The two most artistically interesting people I know are Liz Lerman and Adrian Danzig. Liz is the founding Artistic Director of Liz Lerman Dance Exchange, and Adrian the Artistic Director of 500 Clown. What do a dancer and a clown have in common? They ask the most daring artistic questions and risk their take on the  answer in performance. For each, differently, failure is part of the bargain between them, their ensembles and their audiences.

Whatever question I ask Liz,  she will answer with a different proposal and set of questions.  This is how she creates art as well. Built into her creation process is the willingness to destroy her own premise, see what holds up, rebuild from there. Knowing what to jettison and what to keep is what distinguishes great artists. She has a book, Hiking the Horizontal: Field Notes From a Choreographer to be published by Wesleyan University press coming in spring 2011. I look forward to reading it.

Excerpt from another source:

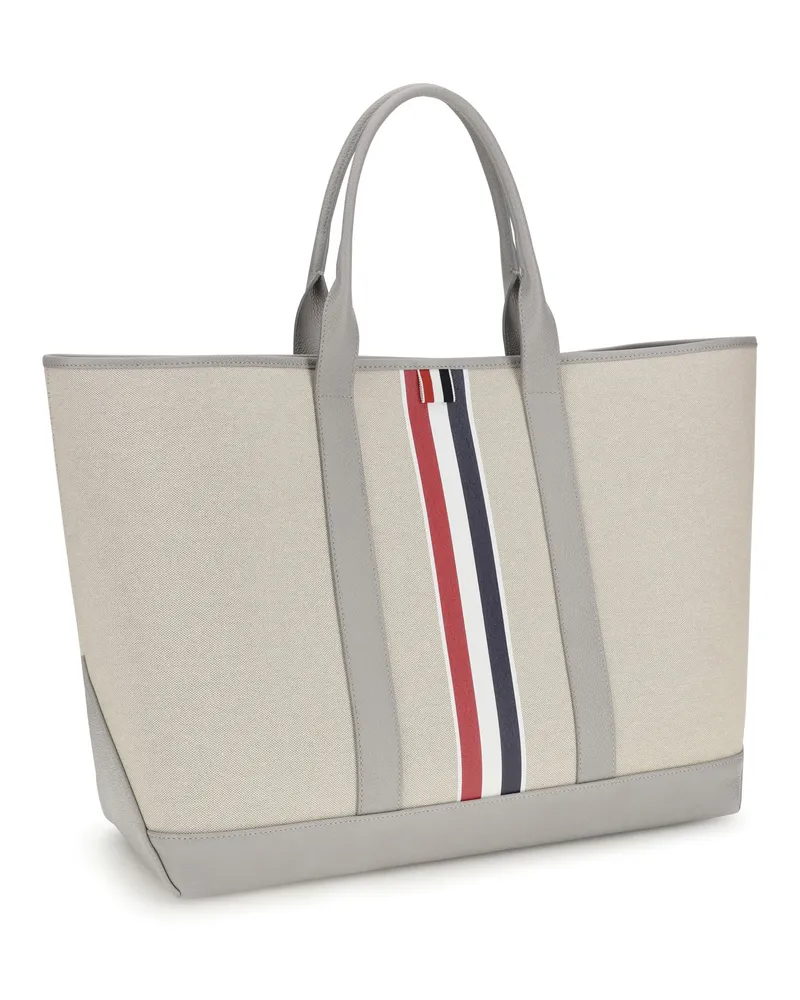 Thom Browne Men's Canvas Tote Bag Lt Grey Shoulder Beige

Liz and I had a conversation about the difference between practice and rehearsal. Practice is skill-based. You practice the individual components of your art: plies at the barre, scales on a guitar, anatomy sketches in charcoal. The goal is perfection. Rehearsal is where you learn what doesn’t work. Rehearsal is where you try things. Where you go for the big “what if.” The goal of rehearsal is failure. If not in rehearsal where? In performance in front of an audience?

Liz and I wondered, if business is theater, then when do business performers (workers) get to rehearse.? If business is theater and process serves as the script, when and where do business performers learn what doesn’t work? When do workers get to build destruction into the business premise and come up with a better one? Unfortunately for customers, workers fail in performance when the stakes are highest. It’s hard to overcome a bad script and a lack of direction. Instead, managers often double down on the ideas and processes that got them in trouble in the first place. Management rarely questions their premise. Artists always do.

Branding Lesson–Build destruction into your own argument, see what holds up, and build around that. Repeat.

500 Clown (there are three of them), also asks big artistic questions. What makes them so unique is that their approach is to stage failure.  Yes they use rehearsal to try things and fail, and they aim to demonstrate in performance that failure  is part of the human experience, and survivable. A clown by nature subverts authority. To 500 Clown traditional theater itself represents authority. The script is authority. The fourth wall is authority. All must be subverted by clown-play. They’re clowns and clowns screw things up, of course, because they’re human. A clown by nature is also resilient!

The 500 Clown belief system goes like this…

500 Clown believes that life is worth the risk.

500 Clown wants to respect the actor as the primary artist, and not just serve as a mouthpiece for the writer and director.

In live performance it’s the actor, not the writer or director, who charges the moment. The objective is to feel something and do something authentic. 500 Clown wants to show that having a profound experience in public is survivable.

If we succeed, we show the respect for the audience and allow them to have their own profound experience.

*  *  *  That is what good branding is and does! Oh, that business would regard their workers as the “primary artist” versus the owner (author)  or manager (director) *  *  *

500 Clown recently performed 500 Clown Macbeth in Baltimore at the Creative Alliance. Their interpretation is based on a very simple premise: clown want crown. It takes them up to two years to develop a piece. It takes so long because they keep asking big questions and starting over. Their director doesn’t provide answers. She helps them decide what to jettison and what to keep. There is no single right answer. There is what works and what works more provocatively.

500 Clown deconstructs classic text, aims high and leaves no wiggle room artistically. They keep their edge by making the audience central to the storytelling. The risk of failure is high.

No one creates instant community better than 500 Clown. No one takes risks, and profits from doing so, more than 500 Clown.

Branding Lesson–Aim high and leave no wiggle room. Put your audience inside the story.